As for 2.) Keep in mind, you can create as many forms for a base as you want/need. So the easy, quick and dirty solution for your problem is to create two different forms. Form A for situation A, form B for situation B.

There is a better solution though: Make the form fields condition!

Using your use case as an example, the first question in my survey is the situation. The situation can either be “Incident” or “Question”.

All the following fields are then conditional field. Whether or not they are shown in the form is determined by the choice made in the situation field. The screenshot below demonstrates how it’s done.

If the user choses situation “incident”, this is what the form looks like:

If she choses “question”, the form looks like this:

Speaking the obvious, you can add as many other fields as you desire. This is just a dumbed down example to demonstrate the idea.

The point is, I want to see in my table which form is used. How can I determine in my table which form is used? An other example to clarify: I have two groups of users who have to fill out a form. In the results table I want to know which records belong to which group, without having to ask this question in the form. Your solution is very interesting, but because it is asking the user the info.

Having two forms would do the trick if I had any kind of info that I could pass through to the table. (Like a hidden field I could fill with the right info. Or a placeholder, variable, parameter or…)

I think there is an easy solution to this: in the table, you’ll have two columns for the same identification question, for example, “name”.

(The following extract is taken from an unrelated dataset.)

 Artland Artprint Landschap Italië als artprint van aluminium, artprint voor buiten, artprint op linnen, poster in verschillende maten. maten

You’ll create two such columns “Name A” and “Name B” and use “Name A” in the Form A, “Name B” in the Form B. So when people fill in the forms, and you see their response in your table, you can immediately recognize who filled Form A and who filled in Form B. You can even make a grouped view, separating people with Name A and people with Name B.

Hope this makes sense! As I type, I think we’ll all agree, that SeaTable is a new kind of tool, and we’ll adapt ourselves a little bit for this tool, while it adapts itself to us, too. Efforts in both directions should be made, because with new toys there’s always new games!

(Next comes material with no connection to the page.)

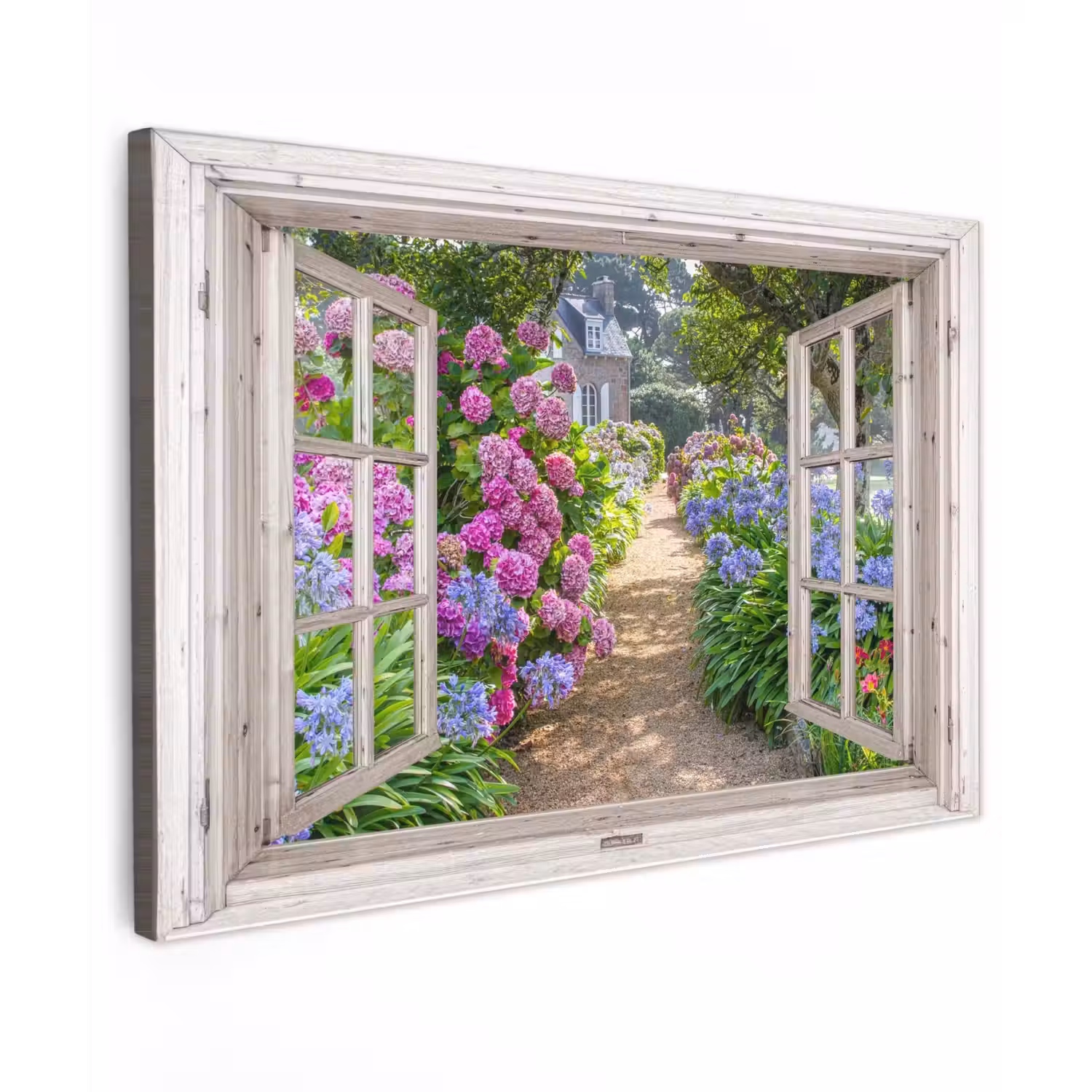 Hortensia - Doorkijk - Bloemen - Zomer - Paars - Pad Tuinposter op houten frame 2 cm dik klein -3d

Right! I get what you are doing, very clever! And will do the trick! Thanks !

And regarding your last remark. You are absolutely right!

I have made a lot of posts, having a lot of questions… This is because I am very enthusiastic about the Seatable and giving it a serious try! I know the product is very new and you guys are developing your ass-off :slight_smile: So please look at my posts as an effort to make the product better.
Wanting to know all details is a way for me to know what adoptions / changes are necessary to make.
(My profession is in the Quality Assurance of IT systems/Applications/Projects, a sharp eye is part of the job :wink: )

You guys are doing a perfect job!!! Keep on going!

You are not alone on this Forum :wink: I myself am QA and I know exactly what you mean! When I go to restaurant and open the menu, the first thing I look for is not the meals, but the spelling errors!

And hey, feel free to post any thoughts and discoveries here, that’s what the forum is for. Thanks for your efforts and posts!